Transmitting the Secondary Transaction Number To the Merchant
In an exemplary embodiment, once the SCP system 330 has identified the user 1 and generated a STN, this STN is transmitted by the host system 300 to the merchant 200 via an authenticated communication channel (e.g., a separate internet connection, dedicated connection, and/or the like). In an exemplary embodiment, as noted above, the SCP system 330 generates an encrypted host system signature (token) and returns the STN (and other transaction data, if desired) to the merchant 200 by embedding the data packet in the user's browser 11 and redirecting the user's browser back to the merchant 200 (STEP 516a-c). The merchant 200 may configure its computer systems to decode the signature to validate that the data packet originated from the host system 300 and to confirm the user's identification (STEP 517a). Although various methods for encrypting/decrypting the data are possible, one method incorporates public/private key encryption technology where participating merchants are provided with the public key to decrypt the encrypted token and data packet.
In an alternative exemplary embodiment, the merchant 200, upon receiving the data packet with the embedded token, may communicate directly back to the host system 300 over a second communication channel to confirm that the token originated with the host system (STEP 517b). Once this second communication channel is established and the identity of the host system confirmed, data may be transmitted more confidently between the host system 300 and merchant 200 in order to facilitate the transaction for the user 1.
In an exemplary embodiment, the host system 300 may desire to provide a special transaction code to the merchant 200 indicating that the transaction was completed using the smart card payment merchant interface system.

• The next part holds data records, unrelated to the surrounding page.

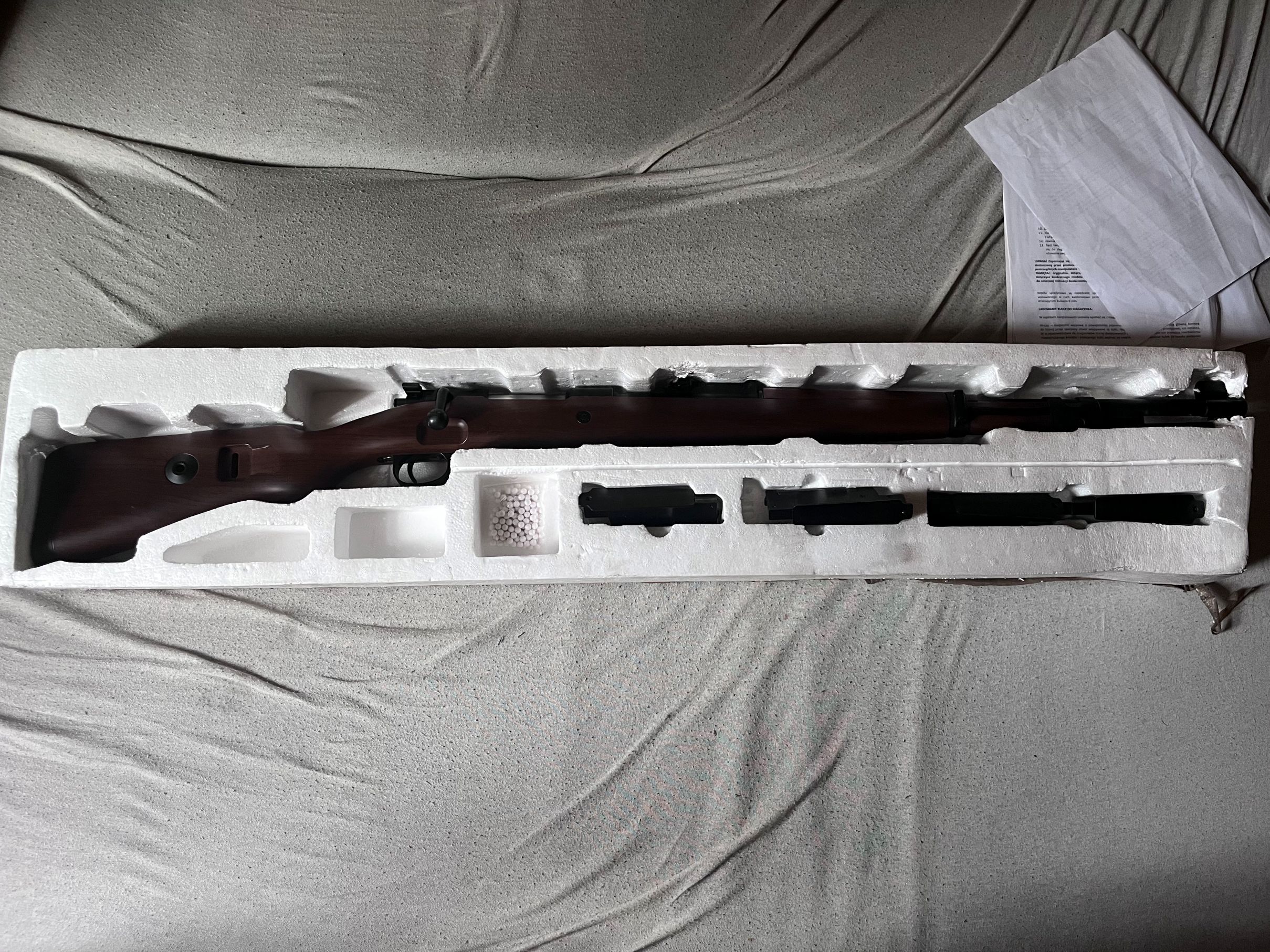 Kar98 Snow Wolf +4 magazynki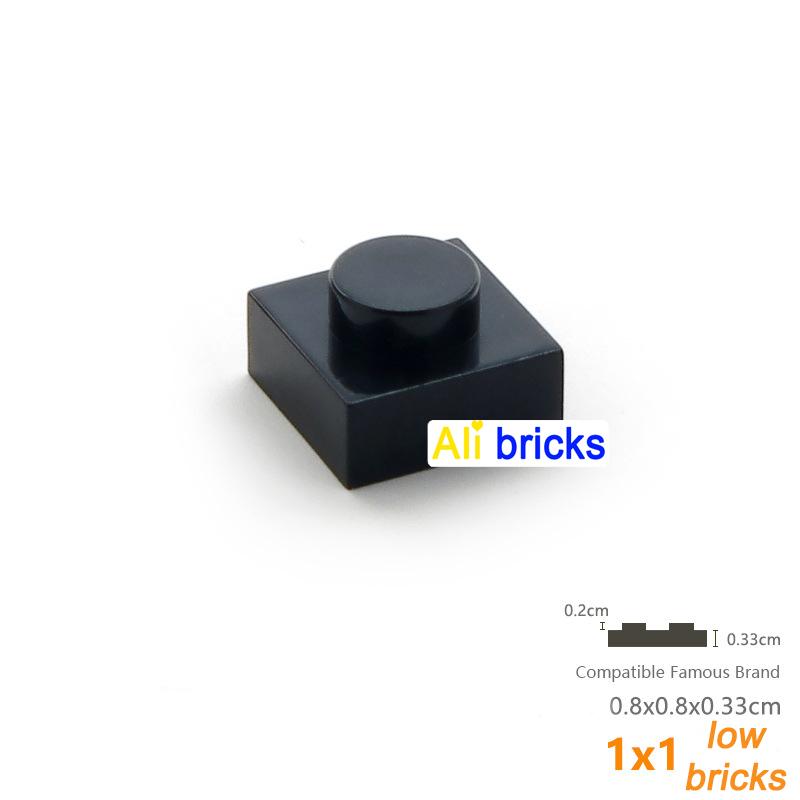 200pcs/lot Bulk Blocks Building Bricks Thin 1x1 Educational Assemblage Construction Toys for Children Size Compatible With 3024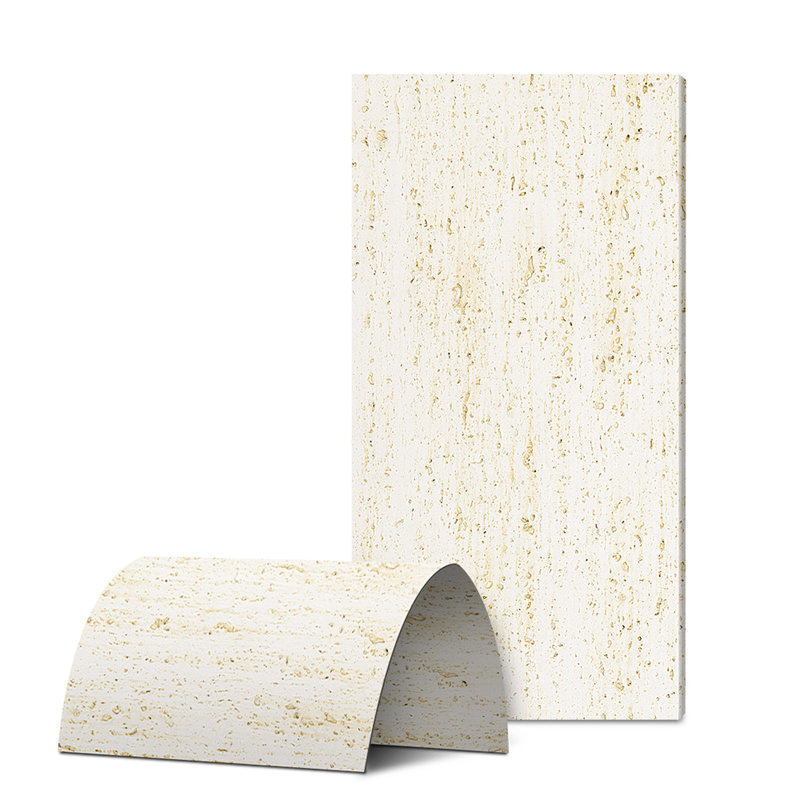 3D Travertine Stone Ethereal White Gold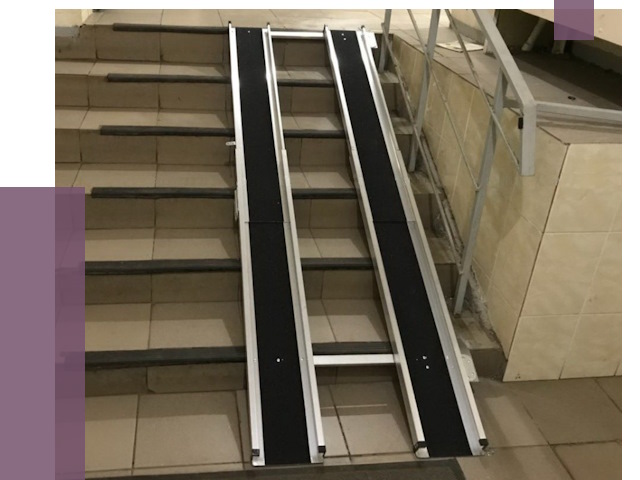 Установка пандуса в подъезд в Кашире от 8123 руб. под ключ | ПРОЛЁТ-Кшр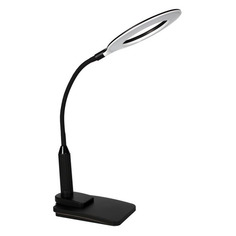 Светильник настольный CAMELION KD-814 C02, на струбцине/основание, 7Вт, черный [12846]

This transaction code may then be used by the merchant 200 in the case of a dispute resolution process. Once the secondary transaction number is accepted by the merchant 200 (STEP 518), the transaction process is completed (STEP 519).
It should be understood, however, that the detailed description and specific examples, indicating exemplary embodiments of the present invention, are given for purposes of illustration only and not as limitations. Many changes and modifications within the scope of the instant invention may be made without departing from the spirit thereof, and the invention includes all such modifications. Corresponding structures, materials, acts, and equivalents of all elements in the claims below are intended to include any structure, material, or acts for performing the functions in combination with other claim elements as specifically claimed. The scope of the invention should be determined by the appended claims and their legal equivalents, rather than by the examples given above.